Exactly reproduce each entry, leaving out nothing.

Records to use Start Marker

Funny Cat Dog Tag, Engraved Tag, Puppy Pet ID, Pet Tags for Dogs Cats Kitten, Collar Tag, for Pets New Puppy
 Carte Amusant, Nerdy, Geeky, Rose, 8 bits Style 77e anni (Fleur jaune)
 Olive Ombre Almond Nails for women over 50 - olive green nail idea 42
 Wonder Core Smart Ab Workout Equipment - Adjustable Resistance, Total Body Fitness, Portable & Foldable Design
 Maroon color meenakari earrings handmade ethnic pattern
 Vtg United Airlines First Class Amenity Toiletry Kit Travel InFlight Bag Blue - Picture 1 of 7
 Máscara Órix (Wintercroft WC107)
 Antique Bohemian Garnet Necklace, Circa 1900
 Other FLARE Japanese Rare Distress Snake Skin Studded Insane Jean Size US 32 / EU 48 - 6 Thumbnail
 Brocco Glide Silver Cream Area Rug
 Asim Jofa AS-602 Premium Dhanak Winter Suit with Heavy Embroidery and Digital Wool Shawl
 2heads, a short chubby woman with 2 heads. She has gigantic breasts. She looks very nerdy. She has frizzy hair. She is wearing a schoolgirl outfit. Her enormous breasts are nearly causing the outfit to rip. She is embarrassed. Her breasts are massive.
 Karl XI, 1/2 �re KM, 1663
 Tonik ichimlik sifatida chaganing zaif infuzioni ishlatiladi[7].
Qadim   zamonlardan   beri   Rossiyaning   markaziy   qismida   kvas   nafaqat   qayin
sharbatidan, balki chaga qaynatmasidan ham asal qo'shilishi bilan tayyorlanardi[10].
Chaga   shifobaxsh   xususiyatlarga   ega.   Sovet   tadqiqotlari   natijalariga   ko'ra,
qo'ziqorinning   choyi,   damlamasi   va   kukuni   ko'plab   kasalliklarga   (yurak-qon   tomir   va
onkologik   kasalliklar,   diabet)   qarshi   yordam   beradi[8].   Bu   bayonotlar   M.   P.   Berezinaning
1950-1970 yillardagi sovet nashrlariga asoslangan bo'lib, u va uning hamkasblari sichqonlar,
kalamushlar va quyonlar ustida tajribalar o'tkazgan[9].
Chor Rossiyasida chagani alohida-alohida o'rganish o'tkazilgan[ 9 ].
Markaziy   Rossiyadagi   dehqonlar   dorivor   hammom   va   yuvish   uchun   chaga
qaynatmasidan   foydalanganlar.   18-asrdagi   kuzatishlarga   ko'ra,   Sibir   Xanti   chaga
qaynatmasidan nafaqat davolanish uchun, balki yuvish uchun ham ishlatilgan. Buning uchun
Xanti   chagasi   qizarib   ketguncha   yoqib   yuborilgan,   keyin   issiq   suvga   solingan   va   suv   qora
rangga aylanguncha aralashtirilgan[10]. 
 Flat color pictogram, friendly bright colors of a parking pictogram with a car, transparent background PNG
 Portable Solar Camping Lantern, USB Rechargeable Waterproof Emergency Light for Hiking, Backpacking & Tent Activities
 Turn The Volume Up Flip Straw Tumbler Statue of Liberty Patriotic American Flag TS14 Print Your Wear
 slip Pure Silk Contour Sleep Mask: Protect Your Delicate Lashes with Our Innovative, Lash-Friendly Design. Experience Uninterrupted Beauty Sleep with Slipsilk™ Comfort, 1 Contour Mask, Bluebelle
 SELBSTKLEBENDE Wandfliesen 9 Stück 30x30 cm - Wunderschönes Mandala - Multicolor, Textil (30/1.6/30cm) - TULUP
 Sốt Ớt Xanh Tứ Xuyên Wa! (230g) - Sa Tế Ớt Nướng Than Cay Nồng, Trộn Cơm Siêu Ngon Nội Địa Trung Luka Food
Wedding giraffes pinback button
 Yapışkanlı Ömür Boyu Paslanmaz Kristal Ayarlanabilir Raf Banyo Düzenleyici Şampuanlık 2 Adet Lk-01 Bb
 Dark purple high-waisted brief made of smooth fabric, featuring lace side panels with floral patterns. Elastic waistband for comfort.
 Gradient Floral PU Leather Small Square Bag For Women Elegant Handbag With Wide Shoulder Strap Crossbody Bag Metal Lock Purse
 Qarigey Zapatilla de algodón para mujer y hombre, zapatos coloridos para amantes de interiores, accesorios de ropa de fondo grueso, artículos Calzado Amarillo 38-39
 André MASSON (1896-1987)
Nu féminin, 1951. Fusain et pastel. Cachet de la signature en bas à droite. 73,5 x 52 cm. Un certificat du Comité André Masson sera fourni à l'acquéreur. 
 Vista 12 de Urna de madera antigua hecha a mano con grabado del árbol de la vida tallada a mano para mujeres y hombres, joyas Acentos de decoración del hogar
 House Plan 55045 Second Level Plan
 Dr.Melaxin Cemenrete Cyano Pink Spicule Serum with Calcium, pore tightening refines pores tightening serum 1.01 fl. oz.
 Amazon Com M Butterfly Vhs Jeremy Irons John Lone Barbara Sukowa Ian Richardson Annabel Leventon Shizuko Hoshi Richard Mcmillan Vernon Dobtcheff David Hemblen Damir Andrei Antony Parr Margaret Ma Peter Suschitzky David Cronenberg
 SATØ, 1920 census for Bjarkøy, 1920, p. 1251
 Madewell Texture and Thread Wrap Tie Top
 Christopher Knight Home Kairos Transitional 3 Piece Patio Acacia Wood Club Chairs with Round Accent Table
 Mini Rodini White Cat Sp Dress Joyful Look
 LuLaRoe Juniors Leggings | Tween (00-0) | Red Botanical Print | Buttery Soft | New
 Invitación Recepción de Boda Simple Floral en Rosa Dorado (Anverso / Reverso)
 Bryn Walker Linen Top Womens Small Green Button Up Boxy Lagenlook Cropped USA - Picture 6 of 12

Records to use End Marker

* **Exercise output**
Funny Cat Dog Tag, Engraved Tag, Puppy Pet ID, Pet Tags for Dogs Cats Kitten, Collar Tag, for Pets New Puppy
 Carte Amusant, Nerdy, Geeky, Rose, 8 bits Style 77e anni (Fleur jaune)
 Olive Ombre Almond Nails for women over 50 - olive green nail idea 42
 Wonder Core Smart Ab Workout Equipment - Adjustable Resistance, Total Body Fitness, Portable & Foldable Design
 Maroon color meenakari earrings handmade ethnic pattern
 Vtg United Airlines First Class Amenity Toiletry Kit Travel InFlight Bag Blue - Picture 1 of 7
 Máscara Órix (Wintercroft WC107)
 Antique Bohemian Garnet Necklace, Circa 1900
 Other FLARE Japanese Rare Distress Snake Skin Studded Insane Jean Size US 32 / EU 48 - 6 Thumbnail
 Brocco Glide Silver Cream Area Rug
 Asim Jofa AS-602 Premium Dhanak Winter Suit with Heavy Embroidery and Digital Wool Shawl
 2heads, a short chubby woman with 2 heads. She has gigantic breasts. She looks very nerdy. She has frizzy hair. She is wearing a schoolgirl outfit. Her enormous breasts are nearly causing the outfit to rip. She is embarrassed. Her breasts are massive.
 Karl XI, 1/2 �re KM, 1663
 Tonik ichimlik sifatida chaganing zaif infuzioni ishlatiladi[7].
Qadim   zamonlardan   beri   Rossiyaning   markaziy   qismida   kvas   nafaqat   qayin
sharbatidan, balki chaga qaynatmasidan ham asal qo'shilishi bilan tayyorlanardi[10].
Chaga   shifobaxsh   xususiyatlarga   ega.   Sovet   tadqiqotlari   natijalariga   ko'ra,
qo'ziqorinning   choyi,   damlamasi   va   kukuni   ko'plab   kasalliklarga   (yurak-qon   tomir   va
onkologik   kasalliklar,   diabet)   qarshi   yordam   beradi[8].   Bu   bayonotlar   M.   P.   Berezinaning
1950-1970 yillardagi sovet nashrlariga asoslangan bo'lib, u va uning hamkasblari sichqonlar,
kalamushlar va quyonlar ustida tajribalar o'tkazgan[9].
Chor Rossiyasida chagani alohida-alohida o'rganish o'tkazilgan[ 9 ].
Markaziy   Rossiyadagi   dehqonlar   dorivor   hammom   va   yuvish   uchun   chaga
qaynatmasidan   foydalanganlar.   18-asrdagi   kuzatishlarga   ko'ra,   Sibir   Xanti   chaga
qaynatmasidan nafaqat davolanish uchun, balki yuvish uchun ham ishlatilgan. Buning uchun
Xanti   chagasi   qizarib   ketguncha   yoqib   yuborilgan,   keyin   issiq   suvga   solingan   va   suv   qora
rangga aylanguncha aralashtirilgan[10]. 
 Flat color pictogram, friendly bright colors of a parking pictogram with a car, transparent background PNG
 Portable Solar Camping Lantern, USB Rechargeable Waterproof Emergency Light for Hiking, Backpacking & Tent Activities
 Turn The Volume Up Flip Straw Tumbler Statue of Liberty Patriotic American Flag TS14 Print Your Wear
 slip Pure Silk Contour Sleep Mask: Protect Your Delicate Lashes with Our Innovative, Lash-Friendly Design. Experience Uninterrupted Beauty Sleep with Slipsilk™ Comfort, 1 Contour Mask, Bluebelle
 SELBSTKLEBENDE Wandfliesen 9 Stück 30x30 cm - Wunderschönes Mandala - Multicolor, Textil (30/1.6/30cm) - TULUP
 Sốt Ớt Xanh Tứ Xuyên Wa! (230g) - Sa Tế Ớt Nướng Than Cay Nồng, Trộn Cơm Siêu Ngon Nội Địa Trung Luka Food
Wedding giraffes pinback button
 Yapışkanlı Ömür Boyu Paslanmaz Kristal Ayarlanabilir Raf Banyo Düzenleyici Şampuanlık 2 Adet Lk-01 Bb
 Dark purple high-waisted brief made of smooth fabric, featuring lace side panels with floral patterns. Elastic waistband for comfort.
 Gradient Floral PU Leather Small Square Bag For Women Elegant Handbag With Wide Shoulder Strap Crossbody Bag Metal Lock Purse
 Qarigey Zapatilla de algodón para mujer y hombre, zapatos coloridos para amantes de interiores, accesorios de ropa de fondo grueso, artículos Calzado Amarillo 38-39
 André MASSON (1896-1987)
Nu féminin, 1951. Fusain et pastel. Cachet de la signature en bas à droite. 73,5 x 52 cm. Un certificat du Comité André Masson sera fourni à l'acquéreur. 
 Vista 12 de Urna de madera antigua hecha a mano con grabado del árbol de la vida tallada a mano para mujeres y hombres, joyas Acentos de decoración del hogar
 House Plan 55045 Second Level Plan
 Dr.Melaxin Cemenrete Cyano Pink Spicule Serum with Calcium, pore tightening refines pores tightening serum 1.01 fl. oz.
 Amazon Com M Butterfly Vhs Jeremy Irons John Lone Barbara Sukowa Ian Richardson Annabel Leventon Shizuko Hoshi Richard Mcmillan Vernon Dobtcheff David Hemblen Damir Andrei Antony Parr Margaret Ma Peter Suschitzky David Cronenberg
 SATØ, 1920 census for Bjarkøy, 1920, p. 1251
 Madewell Texture and Thread Wrap Tie Top
 Christopher Knight Home Kairos Transitional 3 Piece Patio Acacia Wood Club Chairs with Round Accent Table
 Mini Rodini White Cat Sp Dress Joyful Look
 LuLaRoe Juniors Leggings | Tween (00-0) | Red Botanical Print | Buttery Soft | New
 Invitación Recepción de Boda Simple Floral en Rosa Dorado (Anverso / Reverso)
 Bryn Walker Linen Top Womens Small Green Button Up Boxy Lagenlook Cropped USA - Picture 6 of 12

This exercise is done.